Problematik Sistem Pemerintahan

Amandemen konstitusi UUD 1945 sejak reformasi 1998 membawa implikasi luas terhadap sistem pemerintahan dan partai politik. Implikasi itu meliputi empat poin penting, yaitu (i) pembatasan masa jabatan presiden dan wakil presiden, (ii) pemilihan presiden dan wakil presiden secara langsung, (iii) penguatan peran legislatif/DPR, dan (iv) melikuidasi lembaga tertinggi negara MPR (Majelis Permusyawaratan Rakyat). Amandemen konstitusi didasari semangat reformasi menata demokratisasi yang lebih matang dan terlembaga. Perubahan empat poin penting di atas dimaksudkan membuka ruang partisipasi rakyat langsung dan menegaskan sistem pemerintahan presidensialisme.

Sistem pemerintahan presidensialisme menempatkan seorang presiden sebagai kepala negara sekaligus kepala pemerintahan.

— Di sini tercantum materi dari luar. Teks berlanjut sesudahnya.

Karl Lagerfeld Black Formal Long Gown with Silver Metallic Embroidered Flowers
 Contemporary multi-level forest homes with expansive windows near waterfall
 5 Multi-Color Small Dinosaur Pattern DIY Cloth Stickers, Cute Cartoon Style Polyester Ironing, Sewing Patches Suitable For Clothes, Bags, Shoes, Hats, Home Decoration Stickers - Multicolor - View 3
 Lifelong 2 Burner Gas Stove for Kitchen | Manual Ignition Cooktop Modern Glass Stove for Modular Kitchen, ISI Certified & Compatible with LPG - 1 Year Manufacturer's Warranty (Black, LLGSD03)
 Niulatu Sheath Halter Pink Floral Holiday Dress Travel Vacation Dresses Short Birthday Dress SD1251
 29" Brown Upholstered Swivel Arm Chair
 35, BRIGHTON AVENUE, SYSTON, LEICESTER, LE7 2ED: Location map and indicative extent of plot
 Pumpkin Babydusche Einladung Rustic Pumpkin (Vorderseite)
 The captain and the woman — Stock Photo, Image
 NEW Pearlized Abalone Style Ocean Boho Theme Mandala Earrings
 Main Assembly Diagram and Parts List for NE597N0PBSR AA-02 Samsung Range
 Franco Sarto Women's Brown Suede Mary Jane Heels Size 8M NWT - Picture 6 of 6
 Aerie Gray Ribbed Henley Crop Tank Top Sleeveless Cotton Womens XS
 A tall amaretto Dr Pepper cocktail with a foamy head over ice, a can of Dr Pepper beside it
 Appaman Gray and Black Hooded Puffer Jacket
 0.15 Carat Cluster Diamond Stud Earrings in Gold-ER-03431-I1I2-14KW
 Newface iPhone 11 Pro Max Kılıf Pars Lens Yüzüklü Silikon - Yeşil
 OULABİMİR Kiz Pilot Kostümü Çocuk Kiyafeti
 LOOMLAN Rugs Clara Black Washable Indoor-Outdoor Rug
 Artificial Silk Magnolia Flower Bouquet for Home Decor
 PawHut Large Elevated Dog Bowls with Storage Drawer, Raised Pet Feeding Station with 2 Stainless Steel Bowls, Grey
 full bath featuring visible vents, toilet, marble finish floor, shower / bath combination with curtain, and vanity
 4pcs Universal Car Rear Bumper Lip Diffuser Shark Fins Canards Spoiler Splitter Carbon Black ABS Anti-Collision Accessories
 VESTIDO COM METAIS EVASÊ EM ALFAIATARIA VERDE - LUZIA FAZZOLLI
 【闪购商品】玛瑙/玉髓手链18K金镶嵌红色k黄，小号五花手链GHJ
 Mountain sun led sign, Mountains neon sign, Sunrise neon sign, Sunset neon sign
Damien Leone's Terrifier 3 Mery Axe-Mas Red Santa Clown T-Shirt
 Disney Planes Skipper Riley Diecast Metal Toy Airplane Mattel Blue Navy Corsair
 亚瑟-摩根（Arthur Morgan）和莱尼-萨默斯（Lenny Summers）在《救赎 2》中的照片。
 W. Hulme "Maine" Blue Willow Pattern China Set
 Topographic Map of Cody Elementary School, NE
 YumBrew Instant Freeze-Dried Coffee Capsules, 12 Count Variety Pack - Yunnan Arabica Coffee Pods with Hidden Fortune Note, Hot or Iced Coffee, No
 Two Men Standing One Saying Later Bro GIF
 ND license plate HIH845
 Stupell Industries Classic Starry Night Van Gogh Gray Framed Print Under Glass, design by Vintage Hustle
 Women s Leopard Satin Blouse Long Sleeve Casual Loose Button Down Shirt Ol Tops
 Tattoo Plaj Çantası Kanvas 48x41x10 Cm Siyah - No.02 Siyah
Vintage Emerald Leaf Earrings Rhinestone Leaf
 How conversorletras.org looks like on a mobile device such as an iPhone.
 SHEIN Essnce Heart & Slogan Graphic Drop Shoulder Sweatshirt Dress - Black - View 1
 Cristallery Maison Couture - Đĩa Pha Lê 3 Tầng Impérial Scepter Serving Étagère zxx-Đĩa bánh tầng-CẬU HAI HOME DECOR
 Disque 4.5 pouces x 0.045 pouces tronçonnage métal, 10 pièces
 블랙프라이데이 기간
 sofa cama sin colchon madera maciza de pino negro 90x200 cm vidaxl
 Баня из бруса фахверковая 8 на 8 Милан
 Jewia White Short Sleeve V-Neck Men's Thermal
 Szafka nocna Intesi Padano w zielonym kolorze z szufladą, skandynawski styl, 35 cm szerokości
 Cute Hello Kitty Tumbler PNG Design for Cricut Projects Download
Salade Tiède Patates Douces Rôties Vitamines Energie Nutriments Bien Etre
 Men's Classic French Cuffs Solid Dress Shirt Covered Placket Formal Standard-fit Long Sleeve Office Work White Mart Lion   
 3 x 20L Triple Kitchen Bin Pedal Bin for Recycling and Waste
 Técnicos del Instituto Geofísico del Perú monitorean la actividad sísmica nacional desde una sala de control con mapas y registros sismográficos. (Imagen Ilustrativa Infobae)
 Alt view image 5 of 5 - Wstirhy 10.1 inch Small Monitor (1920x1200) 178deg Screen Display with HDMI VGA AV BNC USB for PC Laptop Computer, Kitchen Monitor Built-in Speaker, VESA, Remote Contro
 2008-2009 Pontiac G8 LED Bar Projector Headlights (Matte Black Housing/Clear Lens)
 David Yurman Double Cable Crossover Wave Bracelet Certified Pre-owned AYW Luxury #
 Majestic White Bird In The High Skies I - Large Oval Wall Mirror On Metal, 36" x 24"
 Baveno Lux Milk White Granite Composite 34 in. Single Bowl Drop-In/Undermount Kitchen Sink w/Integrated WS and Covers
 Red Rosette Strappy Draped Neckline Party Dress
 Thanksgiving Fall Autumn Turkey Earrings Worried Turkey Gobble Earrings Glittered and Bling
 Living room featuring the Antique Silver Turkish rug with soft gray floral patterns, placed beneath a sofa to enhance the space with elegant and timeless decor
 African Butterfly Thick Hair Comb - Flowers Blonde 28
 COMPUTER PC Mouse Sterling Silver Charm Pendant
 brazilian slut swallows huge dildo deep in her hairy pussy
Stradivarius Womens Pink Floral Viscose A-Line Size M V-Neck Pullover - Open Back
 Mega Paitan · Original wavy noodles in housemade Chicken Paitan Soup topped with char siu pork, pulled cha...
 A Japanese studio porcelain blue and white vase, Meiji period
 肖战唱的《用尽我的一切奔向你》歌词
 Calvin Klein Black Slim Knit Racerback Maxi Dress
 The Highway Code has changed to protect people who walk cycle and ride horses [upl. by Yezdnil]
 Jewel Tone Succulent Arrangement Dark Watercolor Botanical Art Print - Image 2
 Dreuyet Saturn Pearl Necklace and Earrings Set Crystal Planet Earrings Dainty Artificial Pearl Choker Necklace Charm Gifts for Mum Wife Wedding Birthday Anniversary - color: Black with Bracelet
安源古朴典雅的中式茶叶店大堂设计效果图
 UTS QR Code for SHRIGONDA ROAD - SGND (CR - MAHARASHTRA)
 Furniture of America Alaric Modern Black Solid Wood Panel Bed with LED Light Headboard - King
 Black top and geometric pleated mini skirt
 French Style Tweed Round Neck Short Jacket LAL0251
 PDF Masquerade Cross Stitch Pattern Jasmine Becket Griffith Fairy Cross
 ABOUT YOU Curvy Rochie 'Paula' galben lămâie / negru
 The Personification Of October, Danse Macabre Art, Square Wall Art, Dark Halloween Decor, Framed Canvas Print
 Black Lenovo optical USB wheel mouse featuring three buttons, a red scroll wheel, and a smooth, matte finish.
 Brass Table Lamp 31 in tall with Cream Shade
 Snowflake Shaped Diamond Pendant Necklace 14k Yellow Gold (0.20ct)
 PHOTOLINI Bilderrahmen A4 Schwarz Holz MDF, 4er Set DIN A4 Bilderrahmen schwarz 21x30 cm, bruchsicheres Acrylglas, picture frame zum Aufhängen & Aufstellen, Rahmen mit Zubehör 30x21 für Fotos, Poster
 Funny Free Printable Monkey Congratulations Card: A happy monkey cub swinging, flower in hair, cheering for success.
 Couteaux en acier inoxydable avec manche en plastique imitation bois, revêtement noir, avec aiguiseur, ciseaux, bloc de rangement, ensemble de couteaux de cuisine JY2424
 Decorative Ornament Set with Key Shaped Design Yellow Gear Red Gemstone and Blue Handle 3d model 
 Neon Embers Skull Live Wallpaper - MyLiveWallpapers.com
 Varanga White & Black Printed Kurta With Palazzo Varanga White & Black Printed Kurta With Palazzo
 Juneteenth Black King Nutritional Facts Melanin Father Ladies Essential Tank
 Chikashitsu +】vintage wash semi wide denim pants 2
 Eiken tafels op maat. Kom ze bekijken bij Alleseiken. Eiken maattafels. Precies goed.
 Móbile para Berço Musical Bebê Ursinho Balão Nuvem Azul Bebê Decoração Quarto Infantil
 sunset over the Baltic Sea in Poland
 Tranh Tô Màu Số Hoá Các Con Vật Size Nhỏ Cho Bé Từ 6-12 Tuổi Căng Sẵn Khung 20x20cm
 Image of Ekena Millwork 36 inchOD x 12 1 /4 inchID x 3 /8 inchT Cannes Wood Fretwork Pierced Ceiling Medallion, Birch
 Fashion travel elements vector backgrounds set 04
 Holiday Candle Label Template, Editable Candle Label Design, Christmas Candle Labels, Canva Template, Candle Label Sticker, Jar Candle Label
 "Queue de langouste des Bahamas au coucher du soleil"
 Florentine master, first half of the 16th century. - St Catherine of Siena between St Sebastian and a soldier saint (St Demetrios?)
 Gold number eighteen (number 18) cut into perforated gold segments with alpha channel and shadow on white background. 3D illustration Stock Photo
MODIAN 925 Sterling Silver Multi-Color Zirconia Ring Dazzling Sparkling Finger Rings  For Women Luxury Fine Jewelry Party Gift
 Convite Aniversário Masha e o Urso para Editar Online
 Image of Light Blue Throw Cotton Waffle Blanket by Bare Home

Presiden memegang mandat rakyat melalui mekanisme Pemilihan Presiden (Pilpres). Dalam menjalankan pemerintahan, presiden mempunyai hak prerogatif mengangkat dan memberhentikan menteri. Posisi menteri adalah pembantu presiden yang bertanggung jawab langsung kepada presiden. Inilah sistem pemerintahan presidensialisme yang membedakannya dengan parlementarisme.

Dalam parlementarisme, seorang kepala pemerintahan atau perdana menteri bertanggung jawab kepada parlemen. Parlemen pun bisa mengajukan mosi tidak percaya dan membubarkan kabinet. Secara umum, sistem parlementarisme ini adalah “supremasi legislatif”. Mengingat sistem pemerintahan parlementarisme meleburkan kekuasaan eksekutif dan legislatif (fusion of powers), sementara presidensialisme merupakan eksekutif tunggal terpisah dengan kekuasaan legislatif (separation of powers). Pada era orde seorang mandataris MPR kekuasaannya dapat dijatuhkan oleh parlemen melalui Sidang Umum MPR. Kendati mereka yang duduk di MPR sudah ditetapkan loyalis pemerintah. Karena itu, sistem pemerintahan pada era orde baru seringkali disebut kuasi-presidensialisme.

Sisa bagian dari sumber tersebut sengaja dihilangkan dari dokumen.